赤ちゃんも見惚れるほど口をあんぐり開けていたし、アキの赤ちゃんが生まれたら相当可愛い子になりそうだ。
「抱かせてもらう以外にはおむつも替えさせてもらったこともある。お尻を拭いてさ」
「おむつ交換も経験あるの?」
「ミルクもあげたことある。必死に吸ってると思ったら急に寝こけ出して、哺乳瓶離そうとしたら口がまた動きだして、あれはもう死ぬほど可愛かった。

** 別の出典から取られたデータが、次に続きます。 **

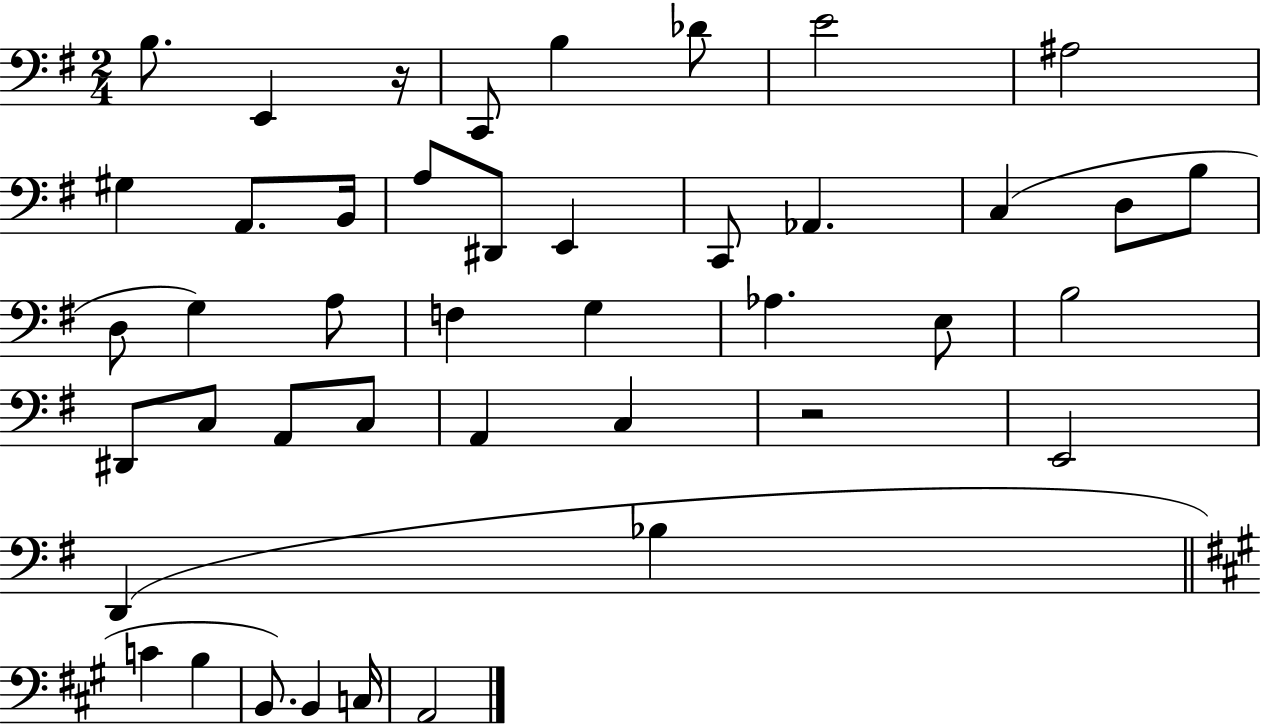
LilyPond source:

{
  \clef bass
  \numericTimeSignature
  \time 2/4
  \key g \major
  b8. e,4 r16 | c,8 b4 des'8 | e'2 | ais2 | \break gis4 a,8. b,16 | a8 dis,8 e,4 | c,8 aes,4. | c4( d8 b8 | \break d8 g4) a8 | f4 g4 | aes4. e8 | b2 | \break dis,8 c8 a,8 c8 | a,4 c4 | r2 | e,2 | \break d,4( bes4 | \bar "||" \break \key a \major c'4 b4 | b,8.) b,4 c16 | a,2 | \bar "|."
}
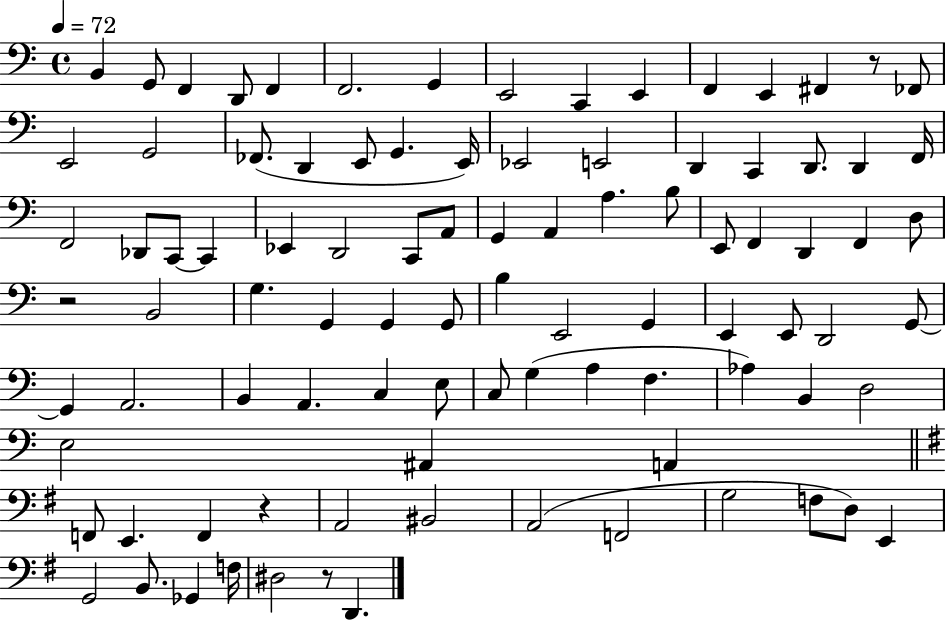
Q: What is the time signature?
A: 4/4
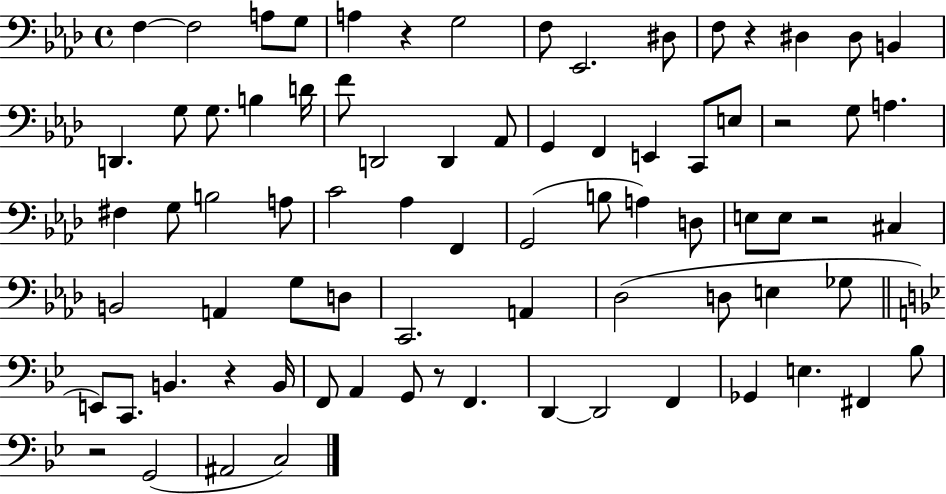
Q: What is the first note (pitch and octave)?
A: F3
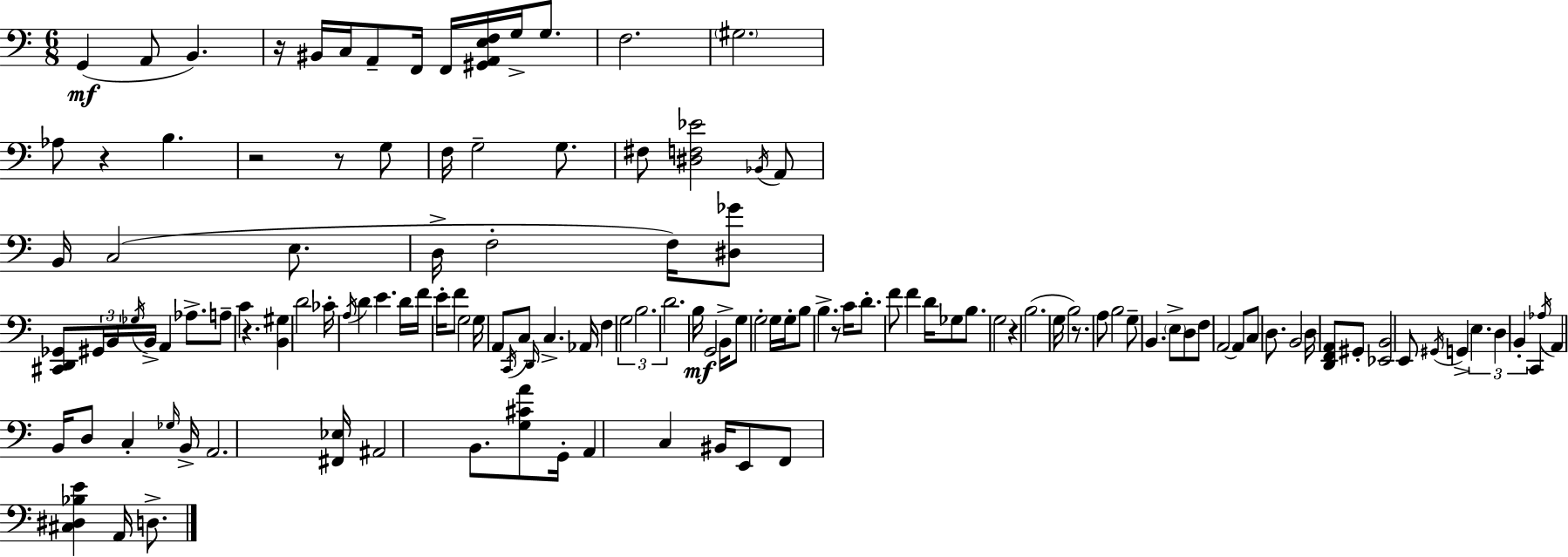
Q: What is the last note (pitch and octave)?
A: D3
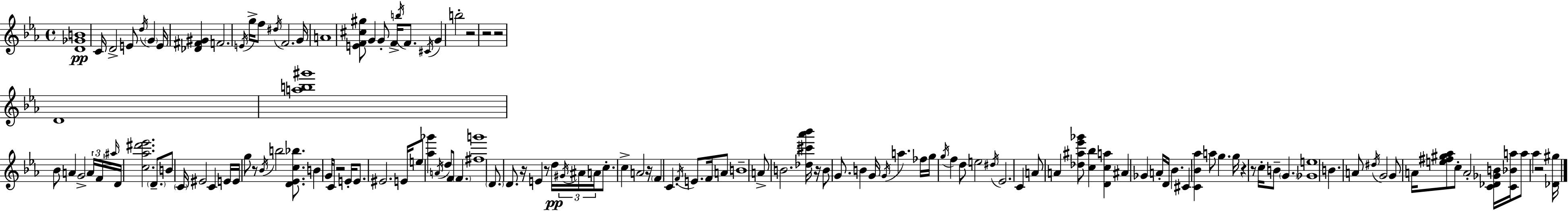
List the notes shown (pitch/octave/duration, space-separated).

[D4,Gb4,B4]/w C4/s D4/h E4/e D5/s G4/q E4/s [Db4,F#4,G#4]/q F4/h. E4/s G5/s F5/e D#5/s F4/h. G4/s A4/w [E4,F4,C#5,G#5]/e G4/q G4/e F4/s B5/s F4/e. C#4/s G4/q B5/h R/h R/h R/h D4/w [A5,B5,G#6]/w Bb4/e A4/q G4/h A4/s F4/s A#5/s D4/s [C5,Ab5,D#6,Eb6]/h. D4/e. B4/e C4/s EIS4/h C4/q E4/s E4/s G5/e R/e Bb4/s B5/h [D4,Eb4,C5,Bb5]/e. B4/q G4/s C4/e R/h E4/s E4/e. EIS4/h. E4/s E5/e [Ab5,Gb6]/q A4/s D5/e F4/e F4/q. [F#5,G6]/w D4/e. D4/e. R/s E4/q R/e D5/s G#4/s A#4/s A4/s C5/e. C5/q A4/h R/s F4/q C4/q. F4/s E4/e. F4/s A4/e B4/w A4/e B4/h. [Db5,C#6,Ab6,Bb6]/s R/s B4/e G4/e. B4/q G4/s G4/s A5/q. FES5/s G5/s G5/s F5/q D5/e E5/h D#5/s Eb4/h. C4/q A4/e A4/q [Db5,A#5,Eb6,Gb6]/e [C5,Bb5]/q [D4,C5,A5]/q A#4/q Gb4/q A4/s D4/s Bb4/q. C#4/q [C4,Bb4,Ab5]/q A5/e G5/q. G5/s R/q R/e C5/s B4/e G4/q. [Gb4,E5]/w B4/q. A4/e D#5/s G4/h G4/e A4/s [E5,F#5,G#5,Ab5]/e C5/e A4/h [C4,Db4,Gb4,B4]/s [C4,Bb4,A5]/s A5/e Ab5/q R/h [Db4,G#5]/s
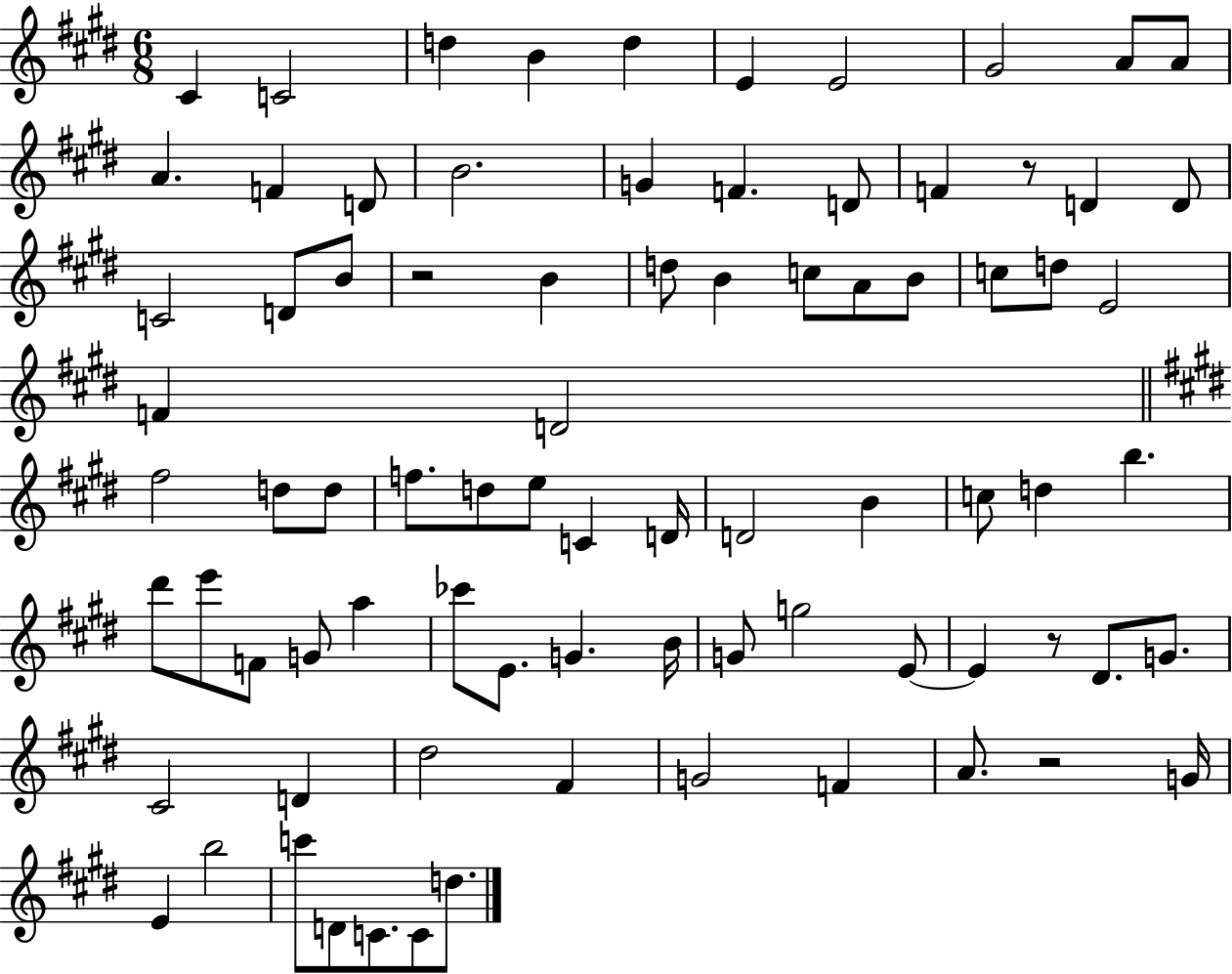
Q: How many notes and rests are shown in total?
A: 81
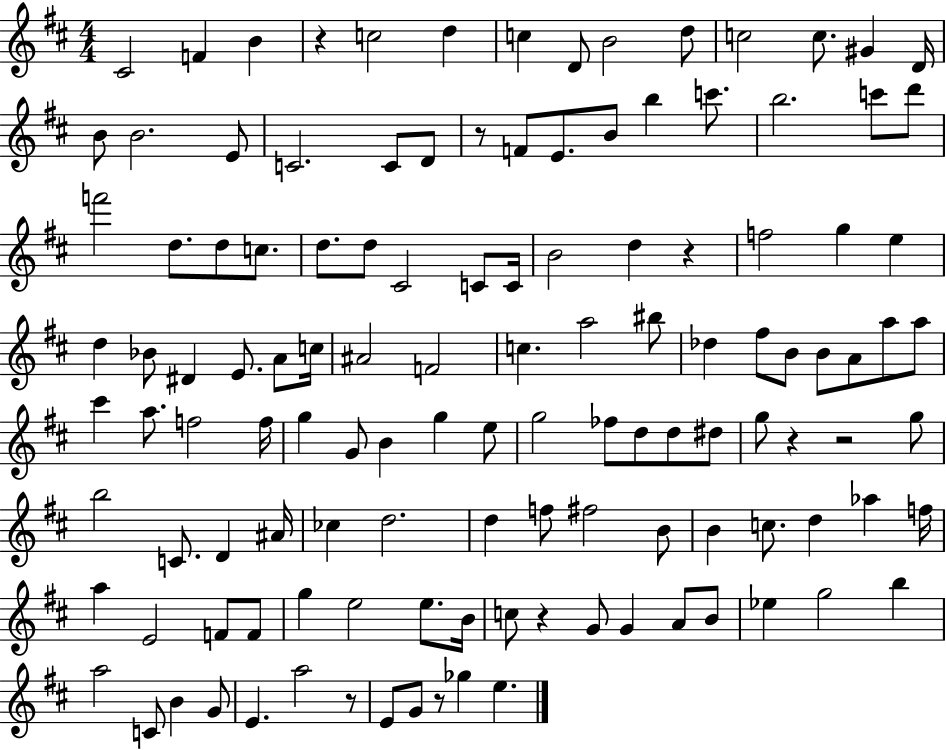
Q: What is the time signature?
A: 4/4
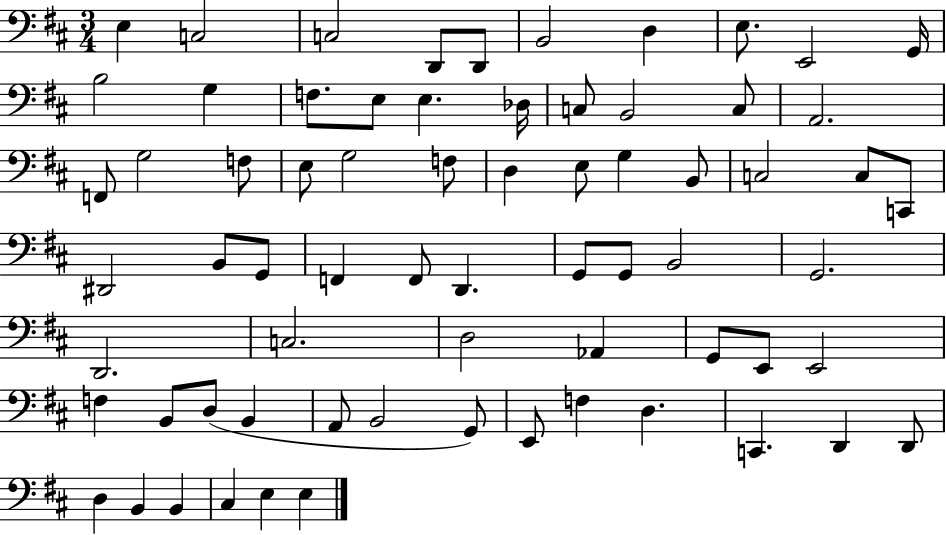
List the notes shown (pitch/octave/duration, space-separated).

E3/q C3/h C3/h D2/e D2/e B2/h D3/q E3/e. E2/h G2/s B3/h G3/q F3/e. E3/e E3/q. Db3/s C3/e B2/h C3/e A2/h. F2/e G3/h F3/e E3/e G3/h F3/e D3/q E3/e G3/q B2/e C3/h C3/e C2/e D#2/h B2/e G2/e F2/q F2/e D2/q. G2/e G2/e B2/h G2/h. D2/h. C3/h. D3/h Ab2/q G2/e E2/e E2/h F3/q B2/e D3/e B2/q A2/e B2/h G2/e E2/e F3/q D3/q. C2/q. D2/q D2/e D3/q B2/q B2/q C#3/q E3/q E3/q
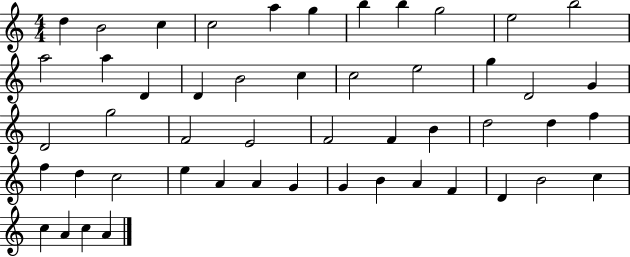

ミルクはもう卒業しちゃったけど子供はいつだって可愛いよ」
父親になったアキを想像する。
息子や娘に溺愛する父親像。
溺愛しすぎて子供がいるからと仕事に行けない!と駄々までこねそうだと思い、何だか笑えてきてしまった。
「なにニヤニヤしてる」
「いや、良いお父さんになりそうだなって」
「なりそうじゃなくてなるぞ。嫁になんか全部子供の世話や躾けをやらせるか。男でも育休休業取得できるところに就職して、それを有効活用して子供と戯れる!立って歩けるようになったらお外に出かけてキャッチボールは絶対だ」
「もうそこまで想像しちゃってるんだ」
「高校生でおかしなことだって笑ってるんだろ。授業でも良いから赤ちゃん来ないかなー。抱っこしたい。俺が一生面倒みてやりたい」
女性陣が聞いたらなんて思うだろう。
アキが「子供がほしい」と言えば想像妊娠してしまいそうだ。
それに、あなたの子供です、なんて言われた暁にはどうなってしまうのだろう。
なんてことをホーム内を歩きながら話し、駅を出た。
「久々に街のほう来たかも」
「え?そうなの?」
「いちいち絡まれんの面倒臭くってな。近所で済むこと多かったし、ずっとドッジに明け暮れてたから…」
すると「牛垣く~ん」と呼ぶ声が聞こえてきた。
スーツを着た男の人。
その顔を見た瞬間、アキの顔が厳しくなり定型文の挨拶だけすると振り切るように歩き出してしまった。